I’ve always found the Debt Neglector-stamped Punk-Rock sound to be amidst a gritty, gruff yet melodic and politically resolute mire. A mire comparable in sound and otherwise to Dillinger Four, Banner Pilot, Bad Religion, Off With Their Heads and perhaps more. Pair this with a pervading ’90s melodic Punk and Pop-Punk-ism seamlessly permeating all of it and that’s ‘Dirty Water’. Is clean water (and the rest) really that much to ask for?

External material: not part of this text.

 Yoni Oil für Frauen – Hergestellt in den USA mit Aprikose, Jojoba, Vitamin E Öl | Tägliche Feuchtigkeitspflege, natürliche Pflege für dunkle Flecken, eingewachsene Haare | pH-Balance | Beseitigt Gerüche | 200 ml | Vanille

‘Anti-Trust’ is very much an epitome for how settled the band are on Dirty Water and is considerably more successful than the tracks wording at landing well and being heard. Track two accosts, laments and sardonically laughs at the effects of cronyism and allegiance-sold to an array of jabbing, spasmodic rhythms and drum patterns. Debt Neglector command attention with their short, sharp and abrasive Punk classicism with that lingering “Gainesville” Post-Hardcore legacy and post-’90s singalong. The production quite simply put, stands tall on Dirty Water but two tracks in.

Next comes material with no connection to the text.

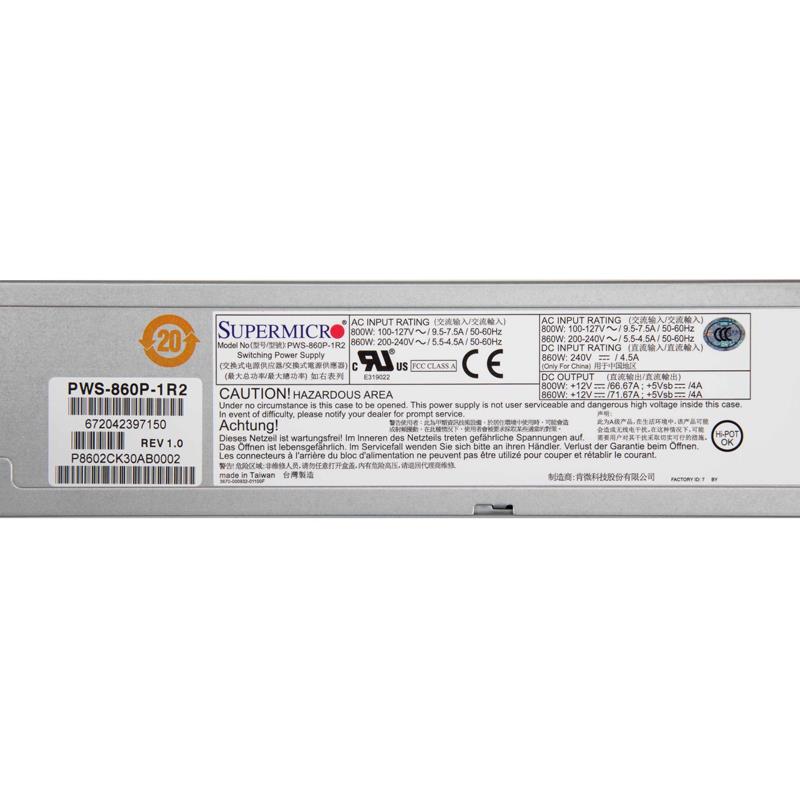 Supermicro PWS-860P-1R2 1U 800W/860W Redundant  80 Plus Platinum Power Supply With PMBus 1.2 Support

‘Cult Cult Cult’ was the second of the two forerunning singles. Three tackles unfettered capitalism and its brainwashing indoctrination, false idols and the implied need for us all to jet off on a giant penis rocket. Need I say more? Well, yes. The band’s previous adoration of The Clash is fully realised and fantastically present here. This Punk classicism is then supplanted in favour of yet another facet of the DN tirade. Skate Punk. ‘Space Case’ shows a side of the band not seen since 2018 and adds another flavour profile to this long-drink of existentialist liquid.

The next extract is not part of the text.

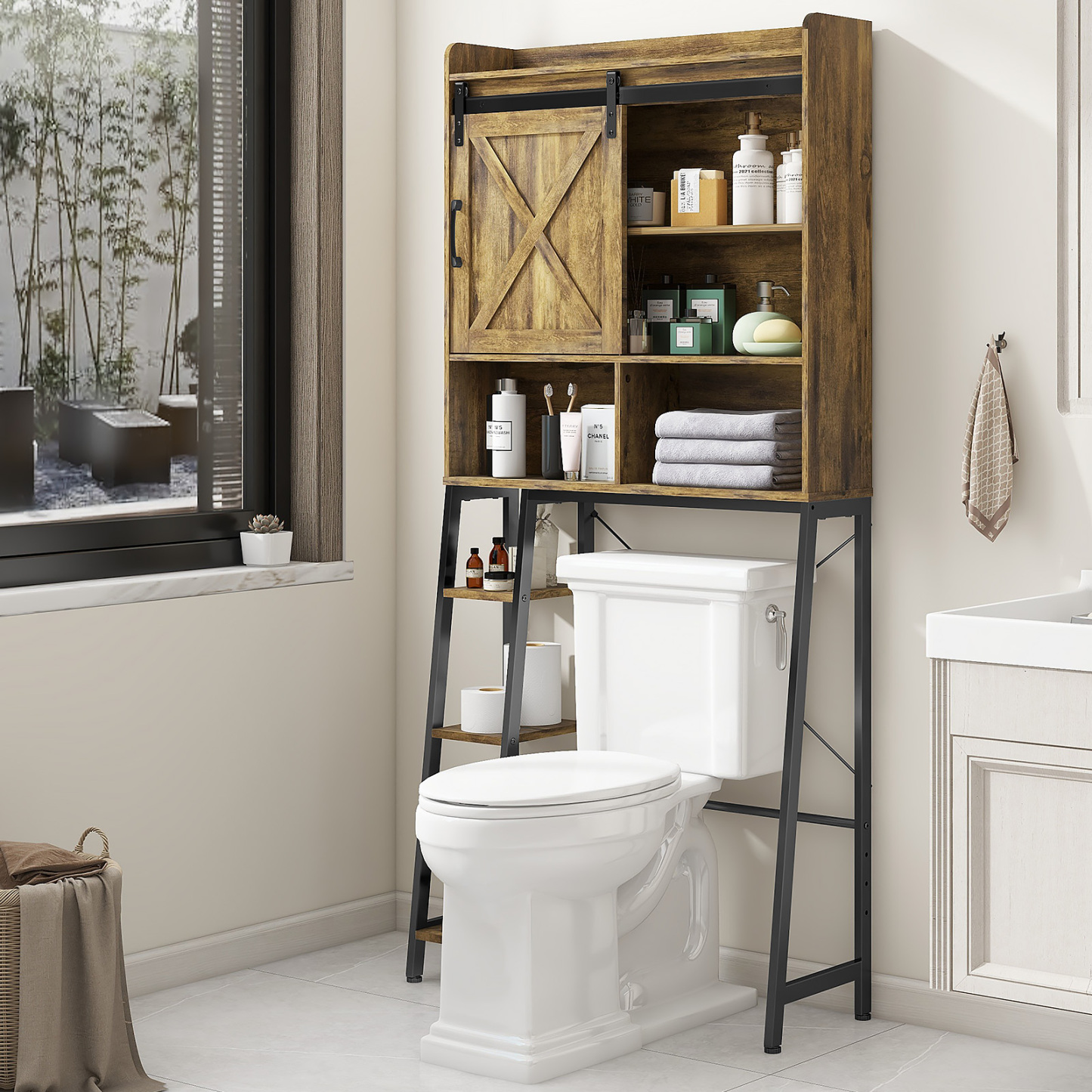 Vabches Over The Toilet Storage Cabinet with Sliding Door and Integrat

‘Tremors’ skillfully cuts across the album’s sonics thus far whilst ‘Least I Could Do’ markets more of the tempo ridden Punk perpetually poised to push to the front. Tracks five, six, seven and eight move away from the political focus and motion toward the personal. This is particularly the case with seven and eight navigating the darkness of modern mental health. Moreover, ‘Nothing Works’ specifically is the best of the band’s sardonic tone as a nervously smiling lead guitar meanders in a “fuck it”-fancy-free manner onward to more of the Post-Hardcore-isms so integral on Dirty Water.
‘Infection’ pertains to exactly what you think it does. COVID has altered everything and in places such as the band’s Florida home, there is plenty to sing about regarding it. And yet, ‘Infection’ is an anthem people will resonate with globally to a sad ease. Nine and the Skate Punk-injected ‘Eviction Notice’ mark some of the notable lead-guitar parts of the album and how they specifically contrast the fantastically abrasive rhythm section throughout Dirty Water. Debt Neglector know exactly what they are doing. ‘Sore Loser’ is a contender for being the best of the release in its 2020-centric statue eviscerating history lessons to the willfully incredulous. Well, that and racists. Mainly them. Let’s be honest.
‘Live Alert’ initially rumbles along past its acoustic strings unremarkably. However, in the Debt Neglector-way, it then imprints with confident ease and grows better with age and with each play. The band’s poignancy and layered Post-Hardcore and Hot Water Music-esque Punk then takes hold. ‘Business Is Booming’ pertains to a business doing very much that. – ‘Sit back and watch it all melt, one unsustainable hell’. The environment destabilising to a beat of capital acquisition. It is here that the perfect contrast of lead and rhythm section is in another melodious union impossible to negate, in yet another and suited contrast to the unrelenting and hoarse vocal tones.
Debt Neglector and Dirty Water end with the third and final track you’ll recognise from the Bad Faith EP. ‘Bad Faith’ is perhaps one of Debt Neglector’s best simply for its unfettered description of the US right-wing and their domestic terrorism. The idiots really are taking over.
Debt Negelctor are a political Punk-Rock band and Dirty Water is exactly what you’d expect from them in the best possible way. The Orlando band’s Punk is seamless on Dirty Water. They confidently traverse different wings of their previous work with welcome nuances on their already notable prominence. And that’s all I have to say about that.